Keeping up with my new years resolution for 2012 of one new quilt block every month, I have this months quilt block all sewn and ready to share with you. By making one quilt block every month, I will have a total of 12 blocks by the end of the year, ready to be made into a new quilt…
For this month’s block, my second block, I chose an off centered log cabin pattern. I chose different widths of fabric for the strips in my block, but you could easily make the stripes even and make the cutting process go quicker.
Again, this is a perfect block to use up your fabric scraps. You could use fabrics of one color to make a monochromatic block, or alter dark and light fabrics too. I have chosen most of the fabric scraps from last months quilt block here.
I used a 2-inch square (plus seam allowances) as my starting point. I cut my fabric scraps into widths 0.5, 0.75, 1, 1.25 and 1.5 inches (plus your seam allowances). The length of each strip will vary, depending on where it is to be sewn, but I just trimmed all of my strips roughly into 10 to 15 inches long.
To construct this block, I chose to sew consecutive strips to my starting 2inch Log cabin block and trim them to length after sewing.
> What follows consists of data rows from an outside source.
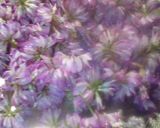 お花見今だけじゃもったいない！花の砂糖漬作り方1写真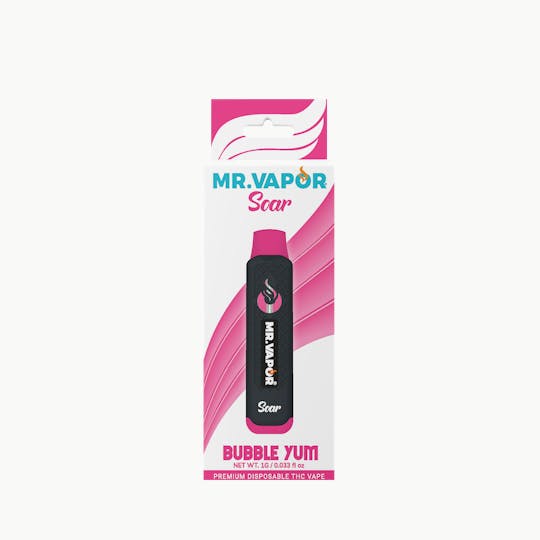 Mr. Vapor Soar - Mr. Vapor Soar - 1g Disposable - Bubble Yum - 1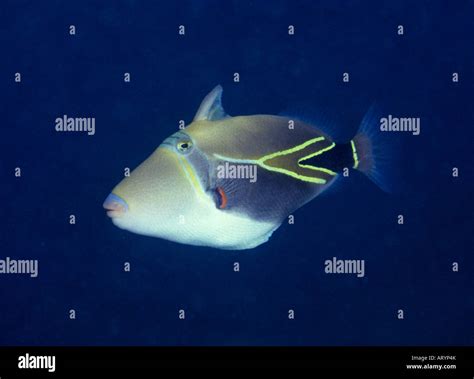 Hawaiis Unofficial State Fish The Reef Triggerfish Known In Hawaiian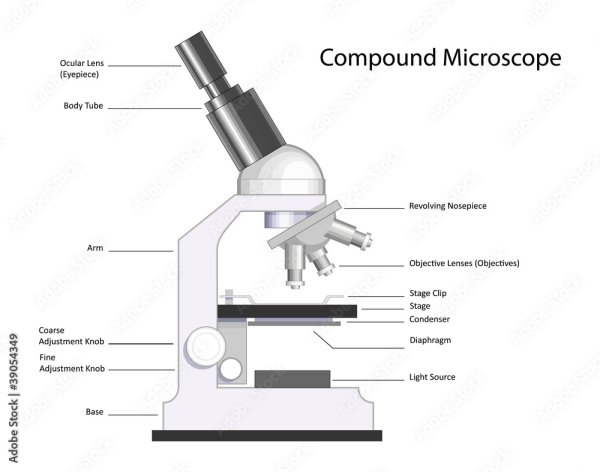 Рисунок строение микроскопа лёгке
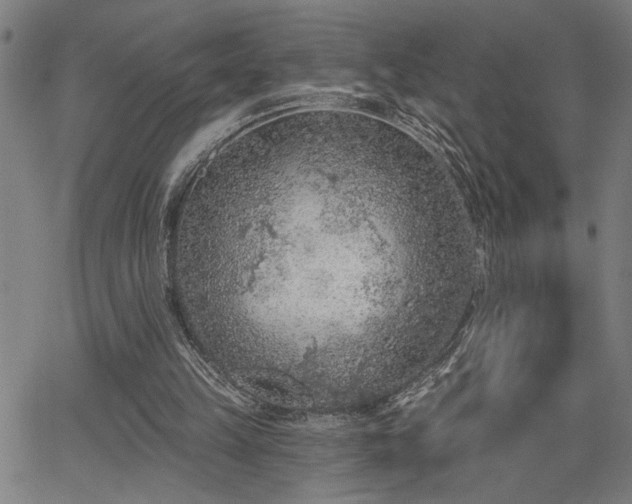 X0000065970149200603061158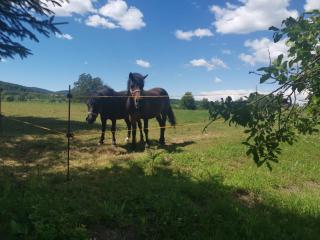 Apartments Tratinčica - 8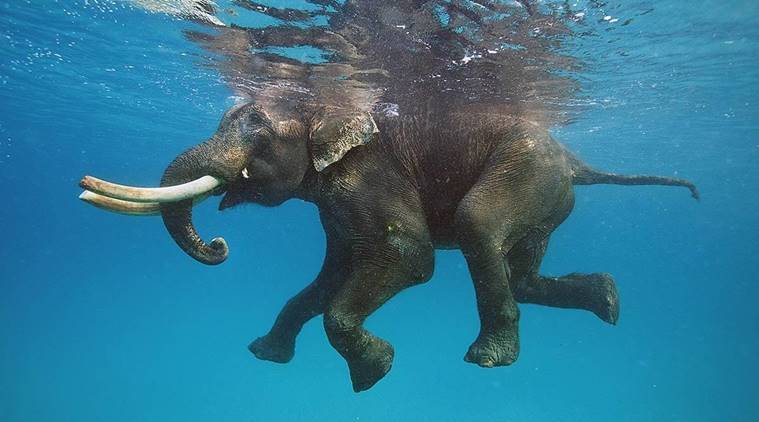 Elephant Swiming
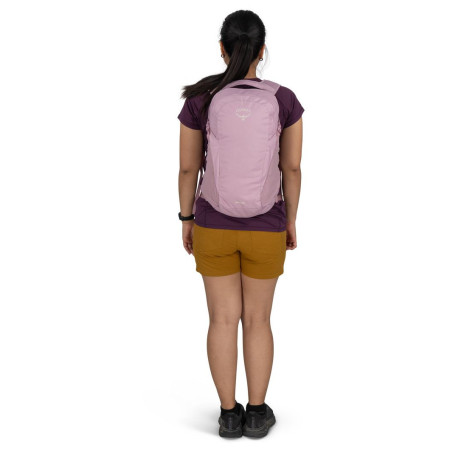 Mochila urbana Osprey Daylite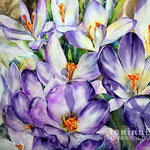 Crocuses I 2020 / 60x50cm  Watercolour by ©janinaB.
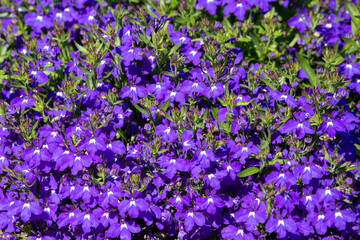 Summery purple floral background of blooming lobelia - obrazy, fototapety, plakaty
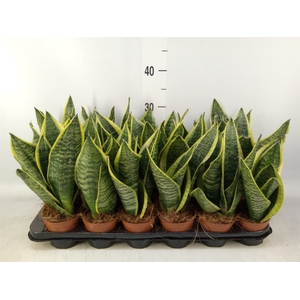 Sansevieria trifa. 'Futura Superba'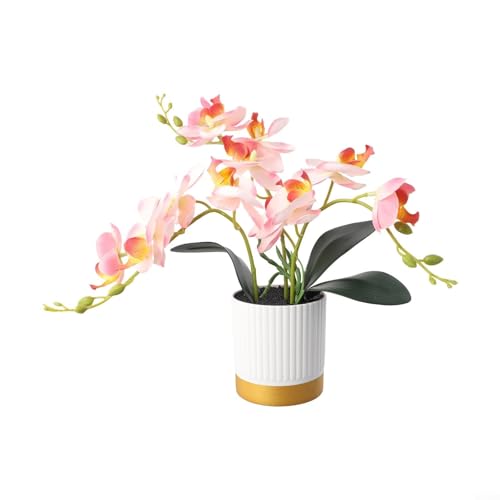 Lebensechte Orchideen im Bonsai-Stil in Weißgold-Rand, perfekte Ergänzung für jede Tischplatte oder Regaldekoration (Rosa) von Bebykilemi
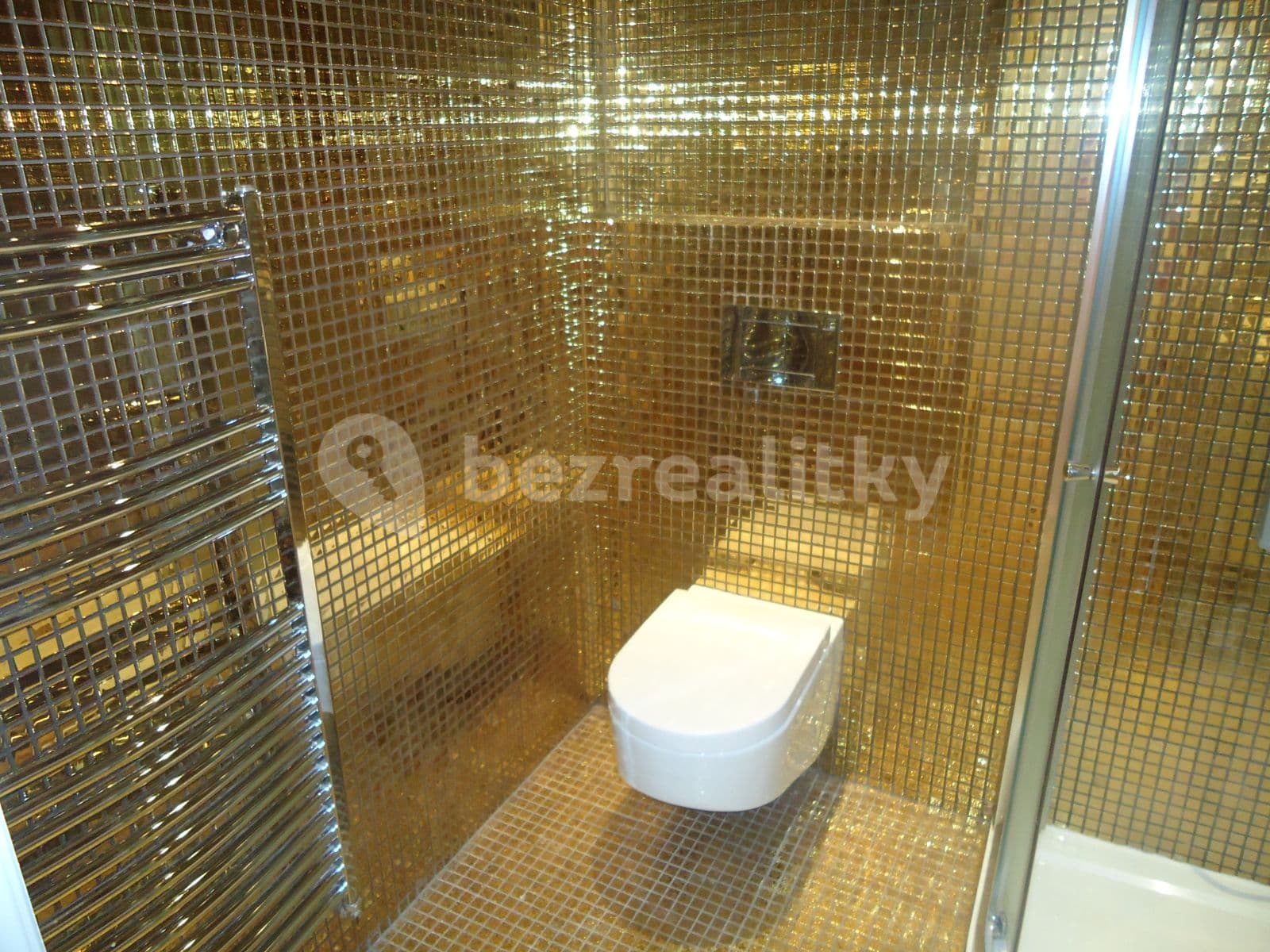 1 bedroom with open-plan kitchen flat to rent, 47 m², Újezd, Prague, Prague 1 bedroom with open-plan kitchen flat to rent, 47 m², Újezd, Prague, Prague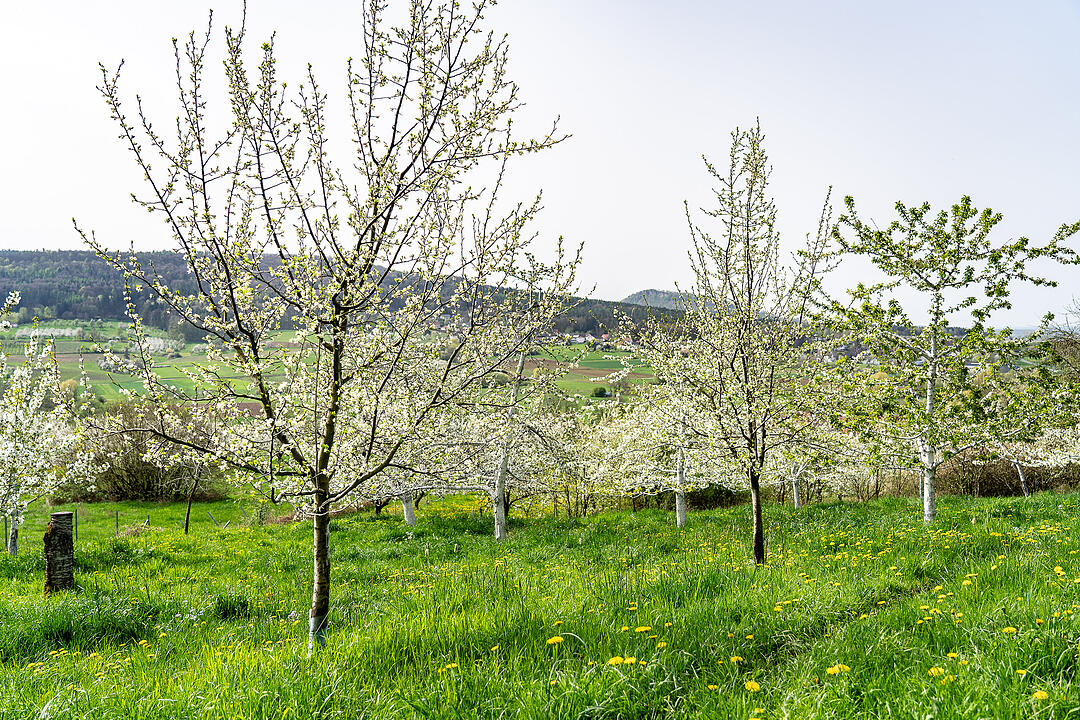 Unterwegs auf dem Kirschenweg.
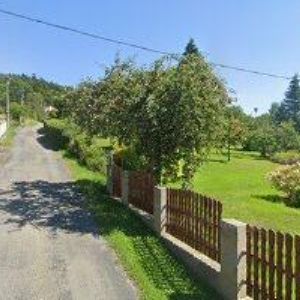 obrazek: avatar SVETZVIRATEK.CZ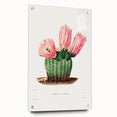 Modern Wall Art: Vibrant Rainbow Cactus Illustration with Pink Blooms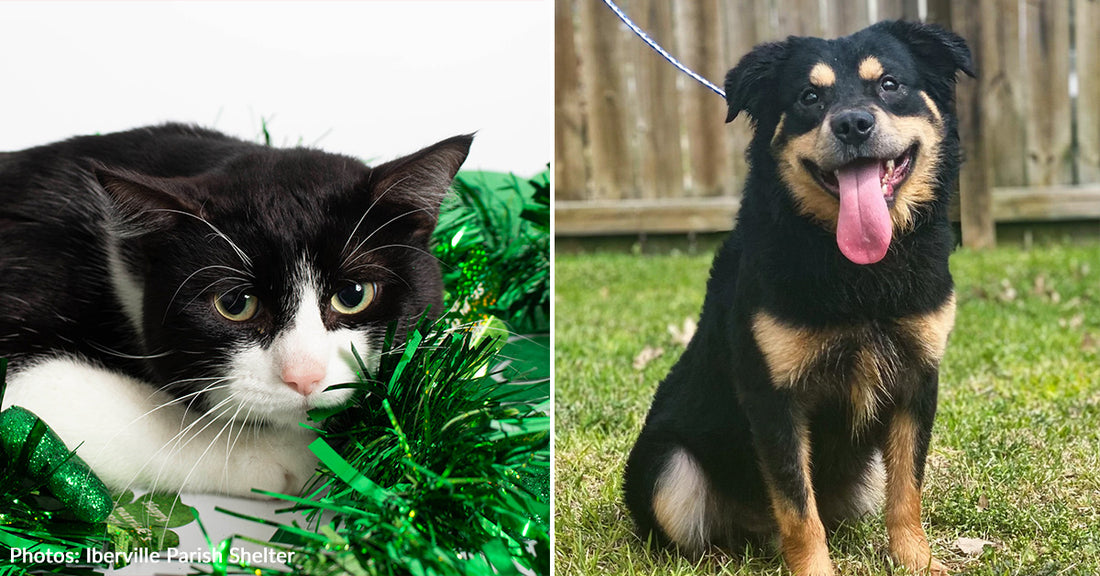 Meet Shelter Pets Who Are Ready For Their Luck To Change On This Month's Flight to Freedom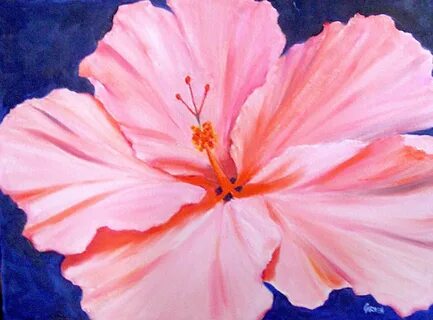 Carmen Beecher: Pink Hibiscus, 18x24 Original Oil Painting o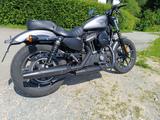Harley-Davidson Iron 883 Sportster Charcoal Denim - Offers matching your search criteria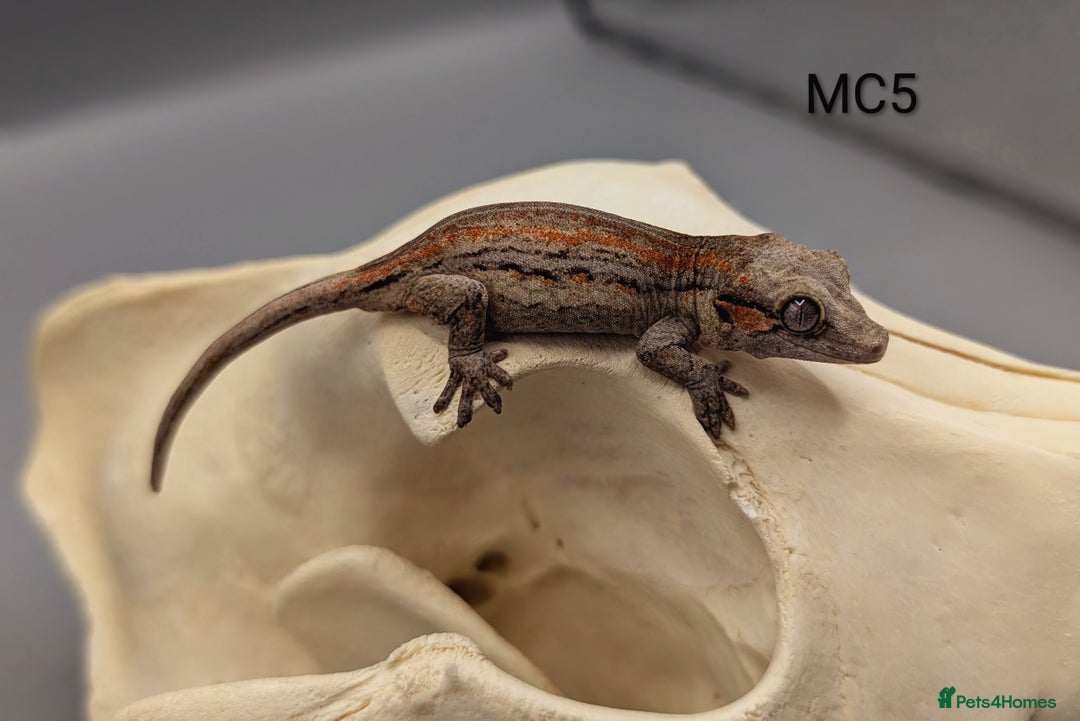 Gecko reptiles for sale: Orange & Red Stripe Gargoyle Gecko  - Image 5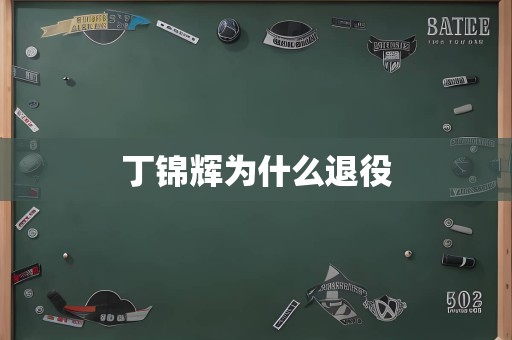 丁锦辉为什么退役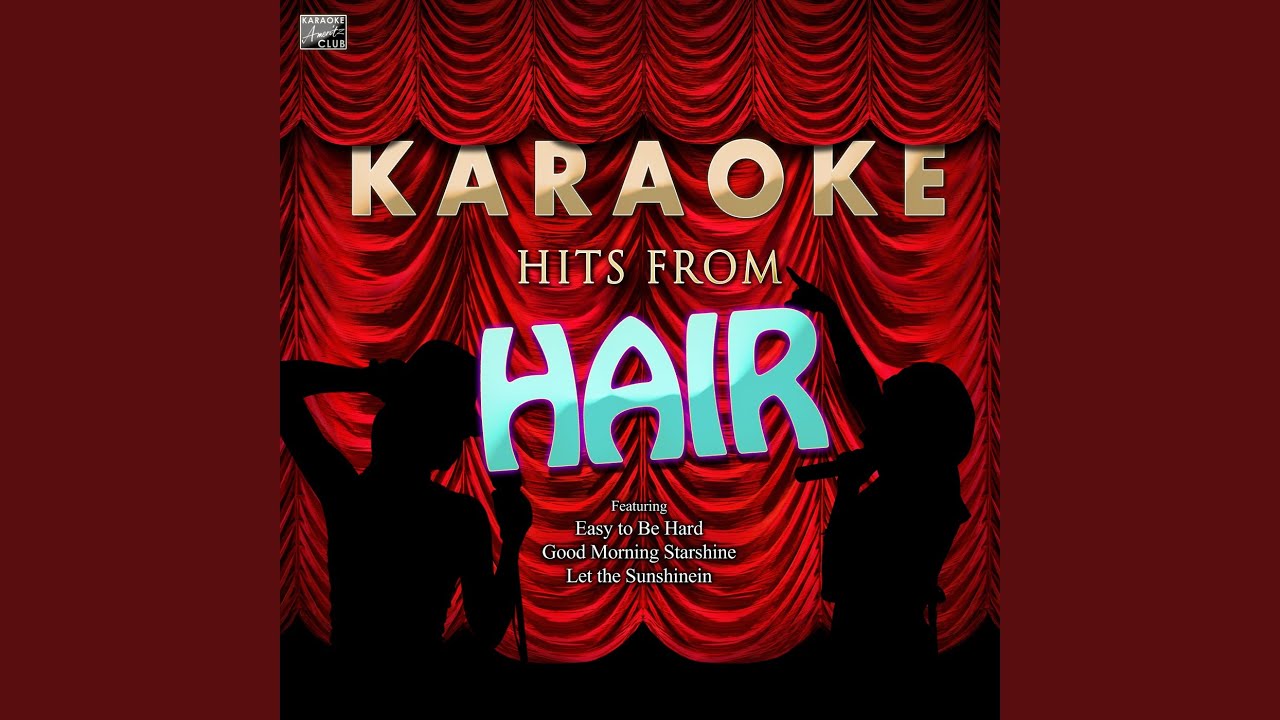 Where Do I Go (In the Style of Hair) (Karaoke Version)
This way there was less mathematics involved in my cutting process. Alternatively, you could sketch out your block beforehand and calculate how much fabric you will need exactly for each strip.
Pin the first strip onto the center square and sew into place. Press the seams open or press the seam to one side. I often use my bone folder (used to fold cardstock into cards) to crease the seams. Now trim the next strip to size.
Pin second strip (same colored fabric as the first) into place, with right side of fabrics facing each other and sew into place. Press seams open. Continue adding strips in this fashion.
I have varied the thickness of my strips, and also alternated the strips, to have a thick strip and then a thin strip. Alternately, you could arrange the strips in an ascending or descending order of thickness. That would be a beautiful block too. When my block measured about 7.75 inches wide, I ironed the block and trimmed to form a square block using my Rotary cutter. At this stage, the block is called a Chevron Log Cabin block.
I then rotated my block 180 degrees on my work surface and then pinned and sewed the last two strips in place. You could add more strips in this fashion, and push the center block further deep into your block.
Trim the edges or overhang off, and press all the seams open. You know have an 8 by 8 inch Off-center log cabin block finished!